- [What is required]
The output must be the line with "for All Vehicles" and every following line to the end of the material, exactly as they appear, and nothing else.

- [Recorded data]

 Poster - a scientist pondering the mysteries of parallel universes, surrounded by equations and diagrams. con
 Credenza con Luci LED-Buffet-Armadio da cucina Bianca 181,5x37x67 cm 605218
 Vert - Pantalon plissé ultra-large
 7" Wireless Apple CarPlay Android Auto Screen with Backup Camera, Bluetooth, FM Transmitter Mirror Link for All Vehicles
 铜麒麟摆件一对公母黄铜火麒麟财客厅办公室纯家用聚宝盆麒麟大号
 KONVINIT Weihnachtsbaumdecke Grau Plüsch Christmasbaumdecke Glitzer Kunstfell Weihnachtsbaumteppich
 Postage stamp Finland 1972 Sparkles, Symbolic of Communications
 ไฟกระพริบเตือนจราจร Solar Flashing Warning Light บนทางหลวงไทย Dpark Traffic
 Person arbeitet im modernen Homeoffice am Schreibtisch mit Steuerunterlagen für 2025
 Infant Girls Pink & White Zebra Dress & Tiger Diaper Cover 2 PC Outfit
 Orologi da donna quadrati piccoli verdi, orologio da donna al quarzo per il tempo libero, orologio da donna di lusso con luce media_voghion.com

- [Answer below]
 7" Wireless Apple CarPlay Android Auto Screen with Backup Camera, Bluetooth, FM Transmitter Mirror Link for All Vehicles
 铜麒麟摆件一对公母黄铜火麒麟财客厅办公室纯家用聚宝盆麒麟大号
 KONVINIT Weihnachtsbaumdecke Grau Plüsch Christmasbaumdecke Glitzer Kunstfell Weihnachtsbaumteppich
 Postage stamp Finland 1972 Sparkles, Symbolic of Communications
 ไฟกระพริบเตือนจราจร Solar Flashing Warning Light บนทางหลวงไทย Dpark Traffic
 Person arbeitet im modernen Homeoffice am Schreibtisch mit Steuerunterlagen für 2025
 Infant Girls Pink & White Zebra Dress & Tiger Diaper Cover 2 PC Outfit
 Orologi da donna quadrati piccoli verdi, orologio da donna al quarzo per il tempo libero, orologio da donna di lusso con luce media_voghion.com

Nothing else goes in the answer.